En effet, cette concession sur le front de l’avantage de toute nature ne cache-t-elle pas une volonté cachée de s’en prendre davantage à la déduction des charges relatives à l’immeuble en société en s’emparant de manière systématique de la fameuse (ou plutôt fumeuse) théorie de la rémunération.
Il est en effet fort vraisemblable que l’administration, se sentant à présent lésée de ne pouvoir taxer suffisamment le bénéficiaire de cet avantage de toute nature, se livre à une analyse beaucoup plus approfondie de l’affectation de l’immeuble et de sa réelle utilité pour la société.
On risque bien de voir le fisc exiger de manière récurrente que la rémunération en nature (sous forme de mise à disposition gratuite d’un immeuble) nécessite pour contrepartie des efforts consentis, des prestations régulières non contestables. Et que si cette preuve n’est pas fournie, les déductions de charges immobilières postulées risquent bien de fondre au soleil
Les décisions rendues par les juges du fond sont d’ailleurs assez favorables à cette prise de position et rappellent en effet que :
- La seule mention d’un avantage de toute nature sur une fiche de revenus ne suffit pas à démontrer que les frais ont pour contrepartie des prestations effectives. Un contribuable ne pourra donc se retrancher derrière la seule taxation de l’avantage de toute nature pour considérer ipso facto que la société peut déduire tous types de charges qui ont contribué à la formation de cet avantage de toute nature. Le lien entre une imposition et une déduction n’est donc pas un critère suffisant.

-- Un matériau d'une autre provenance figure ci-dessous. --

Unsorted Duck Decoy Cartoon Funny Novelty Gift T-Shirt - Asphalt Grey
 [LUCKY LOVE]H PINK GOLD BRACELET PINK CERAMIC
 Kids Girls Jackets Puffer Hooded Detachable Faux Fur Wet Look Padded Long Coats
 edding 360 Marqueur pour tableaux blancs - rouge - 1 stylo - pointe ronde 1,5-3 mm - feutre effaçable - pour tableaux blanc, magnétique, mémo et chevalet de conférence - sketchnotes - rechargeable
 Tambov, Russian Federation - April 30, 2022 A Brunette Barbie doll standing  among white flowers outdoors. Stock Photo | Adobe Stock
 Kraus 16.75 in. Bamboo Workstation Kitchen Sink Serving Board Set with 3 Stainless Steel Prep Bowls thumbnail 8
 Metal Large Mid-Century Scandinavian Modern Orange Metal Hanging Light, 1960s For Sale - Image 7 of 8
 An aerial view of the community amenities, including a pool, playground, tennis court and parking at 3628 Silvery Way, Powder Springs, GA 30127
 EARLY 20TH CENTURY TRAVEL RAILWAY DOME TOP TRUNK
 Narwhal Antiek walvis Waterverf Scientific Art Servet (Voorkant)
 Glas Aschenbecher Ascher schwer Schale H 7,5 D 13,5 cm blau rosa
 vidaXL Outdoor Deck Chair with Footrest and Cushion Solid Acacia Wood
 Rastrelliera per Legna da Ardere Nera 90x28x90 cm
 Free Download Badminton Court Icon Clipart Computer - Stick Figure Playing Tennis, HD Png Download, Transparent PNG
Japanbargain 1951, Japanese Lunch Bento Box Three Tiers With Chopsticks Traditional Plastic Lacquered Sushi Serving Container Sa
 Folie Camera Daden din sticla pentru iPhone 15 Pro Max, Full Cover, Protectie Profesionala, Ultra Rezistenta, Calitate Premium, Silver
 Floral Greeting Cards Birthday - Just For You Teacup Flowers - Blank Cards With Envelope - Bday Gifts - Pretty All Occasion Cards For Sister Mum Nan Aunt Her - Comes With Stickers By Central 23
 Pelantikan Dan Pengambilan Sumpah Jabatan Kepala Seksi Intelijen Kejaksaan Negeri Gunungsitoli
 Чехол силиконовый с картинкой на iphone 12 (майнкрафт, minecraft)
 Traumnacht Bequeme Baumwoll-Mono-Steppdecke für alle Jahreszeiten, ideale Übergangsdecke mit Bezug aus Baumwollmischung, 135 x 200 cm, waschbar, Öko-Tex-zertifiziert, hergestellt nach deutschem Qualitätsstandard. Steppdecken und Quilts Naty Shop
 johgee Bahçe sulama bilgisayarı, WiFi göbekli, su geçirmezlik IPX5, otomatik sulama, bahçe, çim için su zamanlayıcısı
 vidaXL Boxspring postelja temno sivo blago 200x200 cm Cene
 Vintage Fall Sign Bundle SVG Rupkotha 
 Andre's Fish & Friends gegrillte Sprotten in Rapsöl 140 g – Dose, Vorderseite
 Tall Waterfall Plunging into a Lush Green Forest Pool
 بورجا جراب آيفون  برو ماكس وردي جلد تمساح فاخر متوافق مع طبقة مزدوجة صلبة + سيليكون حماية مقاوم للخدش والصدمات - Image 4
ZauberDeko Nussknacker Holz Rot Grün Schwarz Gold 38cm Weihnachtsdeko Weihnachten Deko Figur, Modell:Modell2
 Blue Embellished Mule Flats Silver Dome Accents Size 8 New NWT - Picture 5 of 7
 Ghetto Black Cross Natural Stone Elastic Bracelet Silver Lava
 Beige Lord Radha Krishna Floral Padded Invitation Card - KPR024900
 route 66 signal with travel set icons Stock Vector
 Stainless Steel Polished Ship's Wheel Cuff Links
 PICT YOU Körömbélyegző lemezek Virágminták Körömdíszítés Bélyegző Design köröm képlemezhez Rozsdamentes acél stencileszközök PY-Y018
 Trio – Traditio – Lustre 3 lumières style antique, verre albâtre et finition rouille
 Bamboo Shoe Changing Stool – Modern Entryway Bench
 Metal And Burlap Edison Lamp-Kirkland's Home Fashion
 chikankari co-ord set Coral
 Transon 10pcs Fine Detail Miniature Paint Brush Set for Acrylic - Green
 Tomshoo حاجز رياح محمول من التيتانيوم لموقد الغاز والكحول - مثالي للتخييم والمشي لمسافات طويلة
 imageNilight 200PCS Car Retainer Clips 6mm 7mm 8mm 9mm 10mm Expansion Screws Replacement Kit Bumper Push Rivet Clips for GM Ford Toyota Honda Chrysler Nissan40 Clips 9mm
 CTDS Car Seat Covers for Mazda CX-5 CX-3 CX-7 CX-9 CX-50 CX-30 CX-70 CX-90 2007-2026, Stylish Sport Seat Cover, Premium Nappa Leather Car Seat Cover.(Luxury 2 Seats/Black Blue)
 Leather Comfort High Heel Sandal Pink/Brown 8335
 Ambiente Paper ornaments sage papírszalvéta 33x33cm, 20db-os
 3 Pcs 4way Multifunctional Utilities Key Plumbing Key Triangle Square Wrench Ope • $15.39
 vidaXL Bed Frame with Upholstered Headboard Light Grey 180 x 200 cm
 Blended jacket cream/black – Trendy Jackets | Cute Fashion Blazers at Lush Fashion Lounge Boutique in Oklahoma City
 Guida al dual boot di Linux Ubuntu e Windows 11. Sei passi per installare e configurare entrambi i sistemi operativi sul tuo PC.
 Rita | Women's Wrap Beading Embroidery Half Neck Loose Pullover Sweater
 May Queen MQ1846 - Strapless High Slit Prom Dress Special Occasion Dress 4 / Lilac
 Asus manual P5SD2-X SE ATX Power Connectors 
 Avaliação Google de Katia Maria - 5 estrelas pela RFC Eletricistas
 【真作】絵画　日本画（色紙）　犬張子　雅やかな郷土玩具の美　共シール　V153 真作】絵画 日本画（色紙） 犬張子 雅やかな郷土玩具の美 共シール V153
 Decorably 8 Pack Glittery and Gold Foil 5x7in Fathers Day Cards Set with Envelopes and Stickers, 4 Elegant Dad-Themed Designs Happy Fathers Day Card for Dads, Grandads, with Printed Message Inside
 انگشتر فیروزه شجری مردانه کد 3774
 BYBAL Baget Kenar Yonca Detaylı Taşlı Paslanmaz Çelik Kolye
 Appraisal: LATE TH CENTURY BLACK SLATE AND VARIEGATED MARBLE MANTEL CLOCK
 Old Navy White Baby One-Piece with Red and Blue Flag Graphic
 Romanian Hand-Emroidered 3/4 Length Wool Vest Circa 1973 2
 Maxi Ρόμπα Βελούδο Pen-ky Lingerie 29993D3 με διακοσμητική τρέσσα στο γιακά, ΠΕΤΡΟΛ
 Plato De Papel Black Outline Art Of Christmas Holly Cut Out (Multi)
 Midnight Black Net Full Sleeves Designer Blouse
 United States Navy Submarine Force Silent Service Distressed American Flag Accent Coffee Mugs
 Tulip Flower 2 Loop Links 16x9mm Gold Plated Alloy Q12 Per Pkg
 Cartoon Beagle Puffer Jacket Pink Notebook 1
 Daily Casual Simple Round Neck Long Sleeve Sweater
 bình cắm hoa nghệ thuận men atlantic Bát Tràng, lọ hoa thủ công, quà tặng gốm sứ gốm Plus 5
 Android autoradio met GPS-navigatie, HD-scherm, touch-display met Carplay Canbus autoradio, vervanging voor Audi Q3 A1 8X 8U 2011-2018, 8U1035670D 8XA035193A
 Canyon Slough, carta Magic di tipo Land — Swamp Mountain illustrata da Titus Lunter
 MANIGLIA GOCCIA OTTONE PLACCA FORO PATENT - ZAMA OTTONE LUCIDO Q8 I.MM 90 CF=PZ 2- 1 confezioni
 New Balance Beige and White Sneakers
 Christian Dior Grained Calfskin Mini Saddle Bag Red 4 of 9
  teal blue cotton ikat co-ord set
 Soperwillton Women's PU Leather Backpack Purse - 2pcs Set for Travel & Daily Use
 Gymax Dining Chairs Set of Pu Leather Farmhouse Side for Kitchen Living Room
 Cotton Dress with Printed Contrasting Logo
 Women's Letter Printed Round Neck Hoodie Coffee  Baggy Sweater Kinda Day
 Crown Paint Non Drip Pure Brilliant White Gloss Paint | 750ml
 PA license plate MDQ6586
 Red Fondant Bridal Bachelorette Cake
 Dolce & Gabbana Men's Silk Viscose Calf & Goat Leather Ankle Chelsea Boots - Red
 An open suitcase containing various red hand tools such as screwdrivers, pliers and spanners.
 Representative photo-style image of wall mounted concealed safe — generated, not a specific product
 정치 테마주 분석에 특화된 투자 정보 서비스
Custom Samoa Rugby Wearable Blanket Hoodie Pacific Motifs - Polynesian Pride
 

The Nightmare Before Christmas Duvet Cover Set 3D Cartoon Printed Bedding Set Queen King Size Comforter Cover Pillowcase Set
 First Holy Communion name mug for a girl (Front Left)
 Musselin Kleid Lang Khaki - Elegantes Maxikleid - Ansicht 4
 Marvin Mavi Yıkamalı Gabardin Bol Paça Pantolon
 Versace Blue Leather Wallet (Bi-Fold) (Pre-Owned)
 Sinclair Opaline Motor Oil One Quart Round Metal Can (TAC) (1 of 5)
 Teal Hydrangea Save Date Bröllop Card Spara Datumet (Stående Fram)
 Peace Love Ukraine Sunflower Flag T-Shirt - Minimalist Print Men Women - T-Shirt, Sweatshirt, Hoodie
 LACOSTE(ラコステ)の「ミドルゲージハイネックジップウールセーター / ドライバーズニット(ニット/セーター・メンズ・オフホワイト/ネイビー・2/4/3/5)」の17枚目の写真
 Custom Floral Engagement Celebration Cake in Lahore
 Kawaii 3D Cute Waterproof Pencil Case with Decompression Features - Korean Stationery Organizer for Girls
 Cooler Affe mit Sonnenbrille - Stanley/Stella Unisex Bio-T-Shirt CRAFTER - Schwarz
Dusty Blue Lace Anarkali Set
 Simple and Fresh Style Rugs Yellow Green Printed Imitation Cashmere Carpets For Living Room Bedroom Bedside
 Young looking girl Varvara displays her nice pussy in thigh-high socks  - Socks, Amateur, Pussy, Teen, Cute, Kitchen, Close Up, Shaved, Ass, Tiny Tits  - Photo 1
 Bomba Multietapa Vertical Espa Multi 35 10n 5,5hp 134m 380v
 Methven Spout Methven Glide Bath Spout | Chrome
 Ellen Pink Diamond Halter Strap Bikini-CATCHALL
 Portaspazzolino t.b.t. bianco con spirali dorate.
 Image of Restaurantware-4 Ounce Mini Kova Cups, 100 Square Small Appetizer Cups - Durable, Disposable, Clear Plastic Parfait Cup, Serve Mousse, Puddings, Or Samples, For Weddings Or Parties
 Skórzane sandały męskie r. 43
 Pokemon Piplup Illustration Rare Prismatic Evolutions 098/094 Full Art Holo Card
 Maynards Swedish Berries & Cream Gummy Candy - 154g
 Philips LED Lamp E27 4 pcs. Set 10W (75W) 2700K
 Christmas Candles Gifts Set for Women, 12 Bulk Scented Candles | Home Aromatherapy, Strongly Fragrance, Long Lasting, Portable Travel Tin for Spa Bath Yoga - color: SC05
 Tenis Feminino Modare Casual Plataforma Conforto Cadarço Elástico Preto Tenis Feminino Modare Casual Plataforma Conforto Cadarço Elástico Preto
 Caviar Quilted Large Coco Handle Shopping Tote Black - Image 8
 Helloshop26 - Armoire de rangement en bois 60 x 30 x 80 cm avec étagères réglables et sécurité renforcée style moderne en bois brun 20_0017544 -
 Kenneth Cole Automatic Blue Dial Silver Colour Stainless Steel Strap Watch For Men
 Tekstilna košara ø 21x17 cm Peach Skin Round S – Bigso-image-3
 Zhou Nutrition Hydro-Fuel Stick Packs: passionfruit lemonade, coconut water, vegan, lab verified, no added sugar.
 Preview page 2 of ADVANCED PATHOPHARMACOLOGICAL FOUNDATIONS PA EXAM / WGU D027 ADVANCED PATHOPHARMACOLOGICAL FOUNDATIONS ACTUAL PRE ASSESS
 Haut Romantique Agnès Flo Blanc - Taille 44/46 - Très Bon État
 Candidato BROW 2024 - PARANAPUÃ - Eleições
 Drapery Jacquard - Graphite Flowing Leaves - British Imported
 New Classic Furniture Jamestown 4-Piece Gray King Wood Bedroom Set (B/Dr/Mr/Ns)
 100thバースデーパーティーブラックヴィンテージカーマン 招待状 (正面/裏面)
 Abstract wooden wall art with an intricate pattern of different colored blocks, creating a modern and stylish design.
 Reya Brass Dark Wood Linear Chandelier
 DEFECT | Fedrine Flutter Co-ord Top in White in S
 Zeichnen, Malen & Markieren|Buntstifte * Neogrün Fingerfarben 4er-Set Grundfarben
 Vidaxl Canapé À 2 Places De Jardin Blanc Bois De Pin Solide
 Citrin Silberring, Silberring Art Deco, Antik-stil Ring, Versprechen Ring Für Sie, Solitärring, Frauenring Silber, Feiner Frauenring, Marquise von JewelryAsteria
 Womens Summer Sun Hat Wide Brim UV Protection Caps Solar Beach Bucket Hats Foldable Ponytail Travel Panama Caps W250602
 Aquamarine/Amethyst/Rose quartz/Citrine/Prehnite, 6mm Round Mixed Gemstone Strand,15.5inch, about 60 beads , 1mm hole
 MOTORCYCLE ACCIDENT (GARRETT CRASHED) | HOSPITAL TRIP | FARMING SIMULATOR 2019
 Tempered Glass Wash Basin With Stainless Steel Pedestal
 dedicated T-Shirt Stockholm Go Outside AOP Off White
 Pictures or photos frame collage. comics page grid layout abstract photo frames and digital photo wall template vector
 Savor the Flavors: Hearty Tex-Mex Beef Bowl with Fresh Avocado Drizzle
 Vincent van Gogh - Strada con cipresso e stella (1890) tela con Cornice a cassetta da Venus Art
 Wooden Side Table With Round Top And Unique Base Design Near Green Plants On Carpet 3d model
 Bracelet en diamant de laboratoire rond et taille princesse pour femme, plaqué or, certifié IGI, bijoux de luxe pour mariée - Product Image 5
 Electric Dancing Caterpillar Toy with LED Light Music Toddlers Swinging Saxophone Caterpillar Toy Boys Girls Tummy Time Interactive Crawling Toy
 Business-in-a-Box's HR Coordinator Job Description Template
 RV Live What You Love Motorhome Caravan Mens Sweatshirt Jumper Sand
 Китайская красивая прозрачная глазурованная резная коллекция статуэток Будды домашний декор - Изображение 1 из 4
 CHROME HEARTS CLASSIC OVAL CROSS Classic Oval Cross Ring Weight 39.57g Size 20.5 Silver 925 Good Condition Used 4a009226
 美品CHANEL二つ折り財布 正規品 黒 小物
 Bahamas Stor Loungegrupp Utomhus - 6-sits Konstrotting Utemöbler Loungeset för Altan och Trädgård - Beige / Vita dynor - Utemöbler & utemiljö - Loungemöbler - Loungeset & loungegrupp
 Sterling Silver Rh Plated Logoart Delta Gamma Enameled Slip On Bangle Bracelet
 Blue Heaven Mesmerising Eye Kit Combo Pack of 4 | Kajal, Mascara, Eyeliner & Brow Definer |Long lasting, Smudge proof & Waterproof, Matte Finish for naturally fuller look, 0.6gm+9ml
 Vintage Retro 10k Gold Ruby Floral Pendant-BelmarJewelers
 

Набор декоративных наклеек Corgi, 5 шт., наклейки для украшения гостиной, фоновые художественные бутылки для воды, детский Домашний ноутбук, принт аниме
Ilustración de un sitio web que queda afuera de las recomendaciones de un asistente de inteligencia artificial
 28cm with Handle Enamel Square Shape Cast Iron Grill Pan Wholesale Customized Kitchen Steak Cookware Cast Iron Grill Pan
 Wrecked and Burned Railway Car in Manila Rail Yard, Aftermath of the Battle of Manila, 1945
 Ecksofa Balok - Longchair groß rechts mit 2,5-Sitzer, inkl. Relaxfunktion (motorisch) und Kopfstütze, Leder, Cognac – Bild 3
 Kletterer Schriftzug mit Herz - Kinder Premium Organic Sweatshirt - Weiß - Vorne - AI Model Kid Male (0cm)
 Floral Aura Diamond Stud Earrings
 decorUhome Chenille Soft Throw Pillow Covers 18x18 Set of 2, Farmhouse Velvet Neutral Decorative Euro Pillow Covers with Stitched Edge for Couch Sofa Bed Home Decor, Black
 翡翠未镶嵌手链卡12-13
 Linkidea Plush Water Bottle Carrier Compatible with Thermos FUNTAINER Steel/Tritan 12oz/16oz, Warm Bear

- C’est au contribuable qu’il incombe de prouver la réalité des prestations effectives et non à l’administration à démontrer l’absence de prestations effectives. Cette preuve n’est pas apportée d’après de nombreux juges.
- La théorie de la rémunération ne permet pas que, sous le couvert de prestations effectuées par un dirigeant, des dépenses de nature personnelle soient purement et simplement prises en charge et déduites par la société. Les dépenses doivent en tout état de cause répondre aux exigences de l’article 49 du C.I.R. 92. Ainsi, à défaut de prouver que les conditions de l’article 49 du C.I.R. 92 sont remplies, l’administration peut toujours rejeter les frais afférents à la partie privée de l’habitation.
Donner pour mieux reprendre. N’est-ce pas un grand classique en matière de politique fiscale ? L’histoire récente nous a suffisamment prouvé que lorsque l’administration fiscale belge se voit contrainte de faire une concession, on doit s’attendre à un sérieux retour de manivelle
Baisse du taux de l’impôt des sociétés ? Oui mais voici que surgit la rémunération minimale du dirigeant portée à 45.000 EUR et l’application d’une cotisation distincte nouvelle de 5%…
Report illimité des R.D.T. (suite à l’arrêt de la CJUE Cobelfret) et déduction 100% des R.D.T. ? Oui, mais voici qu’apparait le refus de toute déduction R.D.T. si une holding peut être qualifiée par le fisc de « montage non authentique » (nouvelle mesure anti-abus contre les holdings) …
Réduction du taux de la cotisation distinctes sur dépenses non justifiées (commissions secrètes) de 309 % à103 % ? Oui, mais voici que la loi du 25 décembre 2017 portant réforme de l’impôt des sociétés prévoit qu’à partir de 2020, la cotisation distincte sur les commissions secrètes ne sera plus déductible…
Etc…
Il n’y a jamais de cadeau fiscal. Il n’y a qu’un bref moment de répit fiscal.
Frédéric Dard l’avait bien compris lorsqu’il s’exclamait : « Pourquoi est-ce qu’en matière d’impôts une légère augmentation vous coûte 100 euros alors qu’une réduction substantielle vous en fait gagner 5 ?».